Got a Room with a View? Artist Gillian Wearing Wants Your Footage
This could be the largest collaborative video work ever made.
Got a room with a view? Congratulations, you are qualified to participate in a global artwork! A window is namely all you need to participate in the new artwork by Turner Prize winning artist Gillian Wearing, titled Your Views.
The acclaimed British artist often enlists the public to participate in her photographs and video series, most famously in her striking artwork Secrets and Lies (2009). The work shows men and women who answered Wearing’s newspaper ad to confess all on camera, anonymously, while their identity remains concealed by the use of rubber masks cut around the mouth and eyes.
Wearing also approached people on the street to reveal and share their thoughts in her work Signs that say what you want them to say and not Signs that say what someone else wants you to say from 1992-3, and won the prestigious Turner Prize in 1997 for her work 60 Minutes of Silence.
Now, the artist has launched a global call asking members of the public to film what they see when they look out their windows. With the submitted images, Wearing intends to create a video collage of snippets from around the world, taking the viewer from urban landscapes to remote rural vistas.
“It’s been so amazing seeing the different views people have, from a brick wall to a seascape,” Wearing said about the videos sent to her thus far. “When you read the location before you see the individual view the expectation is always different and that is one of the incredible aspects about the contributions. I would love to see a view from wherever you are!”

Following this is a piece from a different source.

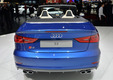 Audi S3 Cabriolet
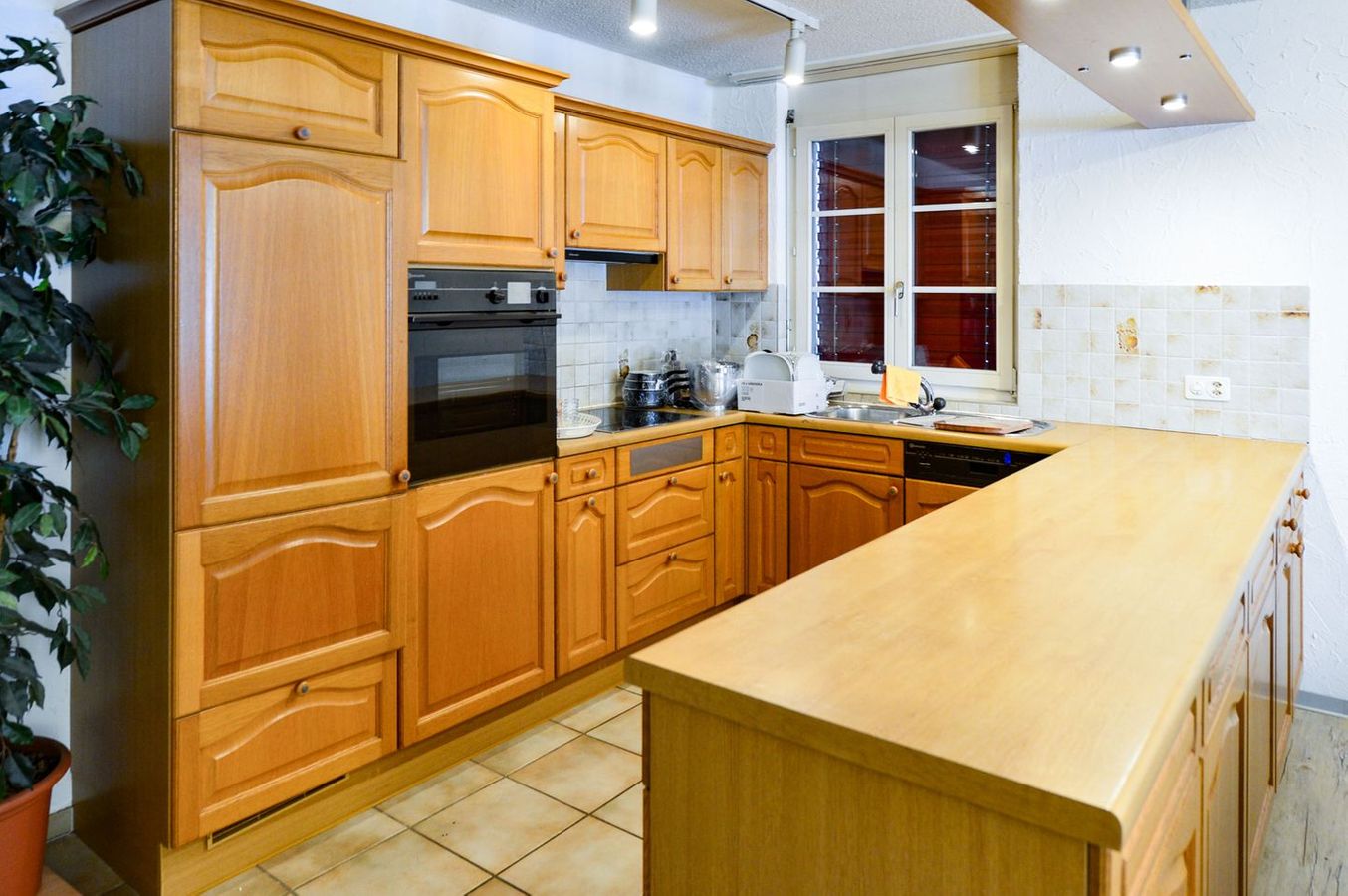 Ferienwohnung Bergruh – Bild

With more that 300 videos submitted from over 60 countries, Wearing has already got a sizable portion of the work in the making. However, the artist is on the lookout for views from harder-to-reach places, and a press release mentions an interest in videos from Syria and North Korea.
The requirements for sending filmed material are simple: the clip must be static, so if you use a smart phone or a camera, make sure their are not hand-held; the format should be horizontal; and length should be between 20-30 seconds.
Participants must also have access to the Internet to upload their views to a website, which might make it more complicated indeed to receive clips from certain areas.
The good news is that every contribution will be credited with the sender’s name, making this potentially the largest collaborative film project ever made. The work is commissioned by HOUSE, and the final results will premiere at HOUSE in May, as part of the Brighton Festival 2016.